What is expected
Word for word, restate every entry that follows.

Data excerpts
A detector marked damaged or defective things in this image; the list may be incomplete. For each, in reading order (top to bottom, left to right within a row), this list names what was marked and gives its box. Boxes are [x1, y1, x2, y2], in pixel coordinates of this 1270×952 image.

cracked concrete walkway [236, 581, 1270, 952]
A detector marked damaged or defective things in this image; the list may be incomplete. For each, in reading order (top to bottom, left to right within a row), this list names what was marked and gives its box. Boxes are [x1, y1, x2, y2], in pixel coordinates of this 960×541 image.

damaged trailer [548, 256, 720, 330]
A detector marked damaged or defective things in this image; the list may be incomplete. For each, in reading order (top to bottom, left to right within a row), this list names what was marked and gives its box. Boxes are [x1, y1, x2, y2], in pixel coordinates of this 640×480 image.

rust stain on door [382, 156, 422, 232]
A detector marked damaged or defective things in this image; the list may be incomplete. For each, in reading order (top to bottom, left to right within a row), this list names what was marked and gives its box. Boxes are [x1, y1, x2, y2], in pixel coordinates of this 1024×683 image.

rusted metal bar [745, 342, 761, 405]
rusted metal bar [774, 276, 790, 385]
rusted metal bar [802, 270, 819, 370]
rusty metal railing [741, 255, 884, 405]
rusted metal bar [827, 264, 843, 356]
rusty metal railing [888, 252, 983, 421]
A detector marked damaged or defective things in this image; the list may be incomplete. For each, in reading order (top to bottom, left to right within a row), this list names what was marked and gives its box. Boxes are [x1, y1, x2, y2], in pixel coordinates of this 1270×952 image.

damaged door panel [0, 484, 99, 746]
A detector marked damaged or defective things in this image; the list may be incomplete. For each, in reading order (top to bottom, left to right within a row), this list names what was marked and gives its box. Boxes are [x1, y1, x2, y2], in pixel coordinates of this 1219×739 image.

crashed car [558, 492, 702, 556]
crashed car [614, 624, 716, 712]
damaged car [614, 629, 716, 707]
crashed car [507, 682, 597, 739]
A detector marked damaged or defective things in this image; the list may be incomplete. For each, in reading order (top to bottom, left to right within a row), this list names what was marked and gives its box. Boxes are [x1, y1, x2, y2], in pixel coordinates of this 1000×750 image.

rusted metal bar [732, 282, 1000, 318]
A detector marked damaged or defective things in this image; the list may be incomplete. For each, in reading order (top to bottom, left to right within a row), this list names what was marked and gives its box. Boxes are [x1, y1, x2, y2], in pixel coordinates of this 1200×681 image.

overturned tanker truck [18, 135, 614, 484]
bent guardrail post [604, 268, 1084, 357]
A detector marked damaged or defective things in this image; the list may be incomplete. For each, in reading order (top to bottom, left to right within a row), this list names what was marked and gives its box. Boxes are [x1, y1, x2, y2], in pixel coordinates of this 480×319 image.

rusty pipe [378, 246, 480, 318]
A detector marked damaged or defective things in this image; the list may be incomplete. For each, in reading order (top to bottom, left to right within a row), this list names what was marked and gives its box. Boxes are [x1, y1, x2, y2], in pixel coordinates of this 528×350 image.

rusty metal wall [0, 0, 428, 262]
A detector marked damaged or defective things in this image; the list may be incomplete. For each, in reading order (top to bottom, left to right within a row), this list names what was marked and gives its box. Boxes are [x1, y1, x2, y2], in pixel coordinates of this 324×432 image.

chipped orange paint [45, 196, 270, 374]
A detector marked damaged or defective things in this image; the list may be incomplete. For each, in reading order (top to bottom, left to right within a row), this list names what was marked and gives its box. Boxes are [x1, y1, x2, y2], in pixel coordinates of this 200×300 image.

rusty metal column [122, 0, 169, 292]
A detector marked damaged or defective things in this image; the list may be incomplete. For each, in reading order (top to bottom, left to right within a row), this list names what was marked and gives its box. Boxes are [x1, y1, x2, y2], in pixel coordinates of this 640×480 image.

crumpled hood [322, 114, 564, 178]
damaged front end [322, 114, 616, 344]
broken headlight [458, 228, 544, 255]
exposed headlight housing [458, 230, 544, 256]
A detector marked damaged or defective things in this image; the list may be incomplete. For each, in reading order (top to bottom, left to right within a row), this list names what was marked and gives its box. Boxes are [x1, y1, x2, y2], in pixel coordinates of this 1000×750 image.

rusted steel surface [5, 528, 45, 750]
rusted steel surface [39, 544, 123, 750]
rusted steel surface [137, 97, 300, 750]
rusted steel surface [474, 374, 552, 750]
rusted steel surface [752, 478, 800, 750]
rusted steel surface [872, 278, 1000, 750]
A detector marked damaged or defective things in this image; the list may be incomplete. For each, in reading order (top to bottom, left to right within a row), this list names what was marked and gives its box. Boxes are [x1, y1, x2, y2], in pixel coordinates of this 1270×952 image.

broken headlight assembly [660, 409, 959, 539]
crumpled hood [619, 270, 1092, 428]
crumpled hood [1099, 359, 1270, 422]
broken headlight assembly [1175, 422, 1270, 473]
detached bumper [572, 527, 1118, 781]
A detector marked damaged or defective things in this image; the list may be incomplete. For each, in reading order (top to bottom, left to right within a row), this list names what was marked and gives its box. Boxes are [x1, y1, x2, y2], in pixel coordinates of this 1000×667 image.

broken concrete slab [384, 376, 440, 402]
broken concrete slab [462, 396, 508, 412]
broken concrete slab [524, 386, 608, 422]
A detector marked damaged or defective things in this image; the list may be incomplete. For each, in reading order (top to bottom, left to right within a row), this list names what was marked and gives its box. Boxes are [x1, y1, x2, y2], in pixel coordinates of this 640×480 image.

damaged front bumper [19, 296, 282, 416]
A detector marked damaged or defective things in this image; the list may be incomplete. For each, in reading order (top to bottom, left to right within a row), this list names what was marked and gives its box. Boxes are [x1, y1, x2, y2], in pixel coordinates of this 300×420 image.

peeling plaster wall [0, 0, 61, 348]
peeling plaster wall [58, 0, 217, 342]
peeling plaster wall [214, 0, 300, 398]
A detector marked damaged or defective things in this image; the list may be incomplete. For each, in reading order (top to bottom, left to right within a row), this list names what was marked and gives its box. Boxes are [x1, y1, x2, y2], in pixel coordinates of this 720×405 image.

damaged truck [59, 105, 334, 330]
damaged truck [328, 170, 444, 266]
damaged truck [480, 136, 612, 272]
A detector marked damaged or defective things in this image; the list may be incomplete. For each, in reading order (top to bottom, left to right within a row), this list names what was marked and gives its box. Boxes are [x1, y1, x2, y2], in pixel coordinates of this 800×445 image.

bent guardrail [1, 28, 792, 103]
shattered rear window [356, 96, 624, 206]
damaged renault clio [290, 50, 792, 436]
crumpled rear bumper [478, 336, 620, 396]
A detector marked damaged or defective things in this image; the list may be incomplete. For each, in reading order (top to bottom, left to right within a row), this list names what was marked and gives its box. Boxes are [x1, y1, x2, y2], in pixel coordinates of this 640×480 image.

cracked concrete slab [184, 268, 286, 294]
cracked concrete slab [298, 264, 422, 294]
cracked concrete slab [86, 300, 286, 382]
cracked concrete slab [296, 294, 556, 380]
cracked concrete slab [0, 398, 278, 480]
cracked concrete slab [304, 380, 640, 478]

Exercise response
A detector marked damaged or defective things in this image; the list may be incomplete. For each, in reading order (top to bottom, left to right within a row), this list names what was marked and gives its box. Boxes are [x1, y1, x2, y2], in pixel coordinates of this 1270×952 image.

cracked concrete walkway [236, 581, 1270, 952]
A detector marked damaged or defective things in this image; the list may be incomplete. For each, in reading order (top to bottom, left to right within a row), this list names what was marked and gives its box. Boxes are [x1, y1, x2, y2], in pixel coordinates of this 960×541 image.

damaged trailer [548, 256, 720, 330]
A detector marked damaged or defective things in this image; the list may be incomplete. For each, in reading order (top to bottom, left to right within a row), this list names what was marked and gives its box. Boxes are [x1, y1, x2, y2], in pixel coordinates of this 640×480 image.

rust stain on door [382, 156, 422, 232]
A detector marked damaged or defective things in this image; the list may be incomplete. For each, in reading order (top to bottom, left to right within a row), this list names what was marked and gives its box. Boxes are [x1, y1, x2, y2], in pixel coordinates of this 1024×683 image.

rusted metal bar [745, 342, 761, 405]
rusted metal bar [774, 276, 790, 385]
rusted metal bar [802, 270, 819, 370]
rusty metal railing [741, 255, 884, 405]
rusted metal bar [827, 264, 843, 356]
rusty metal railing [888, 252, 983, 421]
A detector marked damaged or defective things in this image; the list may be incomplete. For each, in reading order (top to bottom, left to right within a row), this list names what was marked and gives its box. Boxes are [x1, y1, x2, y2], in pixel coordinates of this 1270×952 image.

damaged door panel [0, 484, 99, 746]
A detector marked damaged or defective things in this image; the list may be incomplete. For each, in reading order (top to bottom, left to right within a row), this list names what was marked and gives its box. Boxes are [x1, y1, x2, y2], in pixel coordinates of this 1219×739 image.

crashed car [558, 492, 702, 556]
crashed car [614, 624, 716, 712]
damaged car [614, 629, 716, 707]
crashed car [507, 682, 597, 739]
A detector marked damaged or defective things in this image; the list may be incomplete. For each, in reading order (top to bottom, left to right within a row), this list names what was marked and gives its box. Boxes are [x1, y1, x2, y2], in pixel coordinates of this 1000×750 image.

rusted metal bar [732, 282, 1000, 318]
A detector marked damaged or defective things in this image; the list may be incomplete. For each, in reading order (top to bottom, left to right within a row), this list names what was marked and gives its box. Boxes are [x1, y1, x2, y2], in pixel coordinates of this 1200×681 image.

overturned tanker truck [18, 135, 614, 484]
bent guardrail post [604, 268, 1084, 357]
A detector marked damaged or defective things in this image; the list may be incomplete. For each, in reading order (top to bottom, left to right within a row), this list names what was marked and gives its box. Boxes are [x1, y1, x2, y2], in pixel coordinates of this 480×319 image.

rusty pipe [378, 246, 480, 318]
A detector marked damaged or defective things in this image; the list may be incomplete. For each, in reading order (top to bottom, left to right within a row), this list names what was marked and gives its box. Boxes are [x1, y1, x2, y2], in pixel coordinates of this 528×350 image.

rusty metal wall [0, 0, 428, 262]
A detector marked damaged or defective things in this image; the list may be incomplete. For each, in reading order (top to bottom, left to right within a row), this list names what was marked and gives its box. Boxes are [x1, y1, x2, y2], in pixel coordinates of this 324×432 image.

chipped orange paint [45, 196, 270, 374]
A detector marked damaged or defective things in this image; the list may be incomplete. For each, in reading order (top to bottom, left to right within a row), this list names what was marked and gives its box. Boxes are [x1, y1, x2, y2], in pixel coordinates of this 200×300 image.

rusty metal column [122, 0, 169, 292]
A detector marked damaged or defective things in this image; the list may be incomplete. For each, in reading order (top to bottom, left to right within a row), this list names what was marked and gives its box. Boxes are [x1, y1, x2, y2], in pixel coordinates of this 640×480 image.

crumpled hood [322, 114, 564, 178]
damaged front end [322, 114, 616, 344]
broken headlight [458, 228, 544, 255]
exposed headlight housing [458, 230, 544, 256]
A detector marked damaged or defective things in this image; the list may be incomplete. For each, in reading order (top to bottom, left to right within a row), this list names what was marked and gives its box. Boxes are [x1, y1, x2, y2], in pixel coordinates of this 1000×750 image.

rusted steel surface [5, 528, 45, 750]
rusted steel surface [39, 544, 123, 750]
rusted steel surface [137, 97, 300, 750]
rusted steel surface [474, 374, 552, 750]
rusted steel surface [752, 478, 800, 750]
rusted steel surface [872, 278, 1000, 750]
A detector marked damaged or defective things in this image; the list may be incomplete. For each, in reading order (top to bottom, left to right within a row), this list names what was marked and gives its box. Boxes are [x1, y1, x2, y2], in pixel coordinates of this 1270×952 image.

broken headlight assembly [660, 409, 959, 539]
crumpled hood [619, 270, 1092, 428]
crumpled hood [1099, 359, 1270, 422]
broken headlight assembly [1175, 422, 1270, 473]
detached bumper [572, 527, 1118, 781]
A detector marked damaged or defective things in this image; the list may be incomplete. For each, in reading order (top to bottom, left to right within a row), this list names what was marked and gives its box. Boxes are [x1, y1, x2, y2], in pixel coordinates of this 1000×667 image.

broken concrete slab [384, 376, 440, 402]
broken concrete slab [462, 396, 508, 412]
broken concrete slab [524, 386, 608, 422]
A detector marked damaged or defective things in this image; the list may be incomplete. For each, in reading order (top to bottom, left to right within a row), this list names what was marked and gives its box. Boxes are [x1, y1, x2, y2], in pixel coordinates of this 640×480 image.

damaged front bumper [19, 296, 282, 416]
A detector marked damaged or defective things in this image; the list may be incomplete. For each, in reading order (top to bottom, left to right within a row), this list names what was marked and gives its box. Boxes are [x1, y1, x2, y2], in pixel coordinates of this 300×420 image.

peeling plaster wall [0, 0, 61, 348]
peeling plaster wall [58, 0, 217, 342]
peeling plaster wall [214, 0, 300, 398]
A detector marked damaged or defective things in this image; the list may be incomplete. For each, in reading order (top to bottom, left to right within a row), this list names what was marked and gives its box. Boxes are [x1, y1, x2, y2], in pixel coordinates of this 720×405 image.

damaged truck [59, 105, 334, 330]
damaged truck [328, 170, 444, 266]
damaged truck [480, 136, 612, 272]
A detector marked damaged or defective things in this image; the list may be incomplete. For each, in reading order (top to bottom, left to right within a row), this list names what was marked and gives its box. Boxes are [x1, y1, x2, y2], in pixel coordinates of this 800×445 image.

bent guardrail [1, 28, 792, 103]
shattered rear window [356, 96, 624, 206]
damaged renault clio [290, 50, 792, 436]
crumpled rear bumper [478, 336, 620, 396]
A detector marked damaged or defective things in this image; the list may be incomplete. For each, in reading order (top to bottom, left to right within a row), this list names what was marked and gives its box. Boxes are [x1, y1, x2, y2], in pixel coordinates of this 640×480 image.

cracked concrete slab [184, 268, 286, 294]
cracked concrete slab [298, 264, 422, 294]
cracked concrete slab [86, 300, 286, 382]
cracked concrete slab [296, 294, 556, 380]
cracked concrete slab [0, 398, 278, 480]
cracked concrete slab [304, 380, 640, 478]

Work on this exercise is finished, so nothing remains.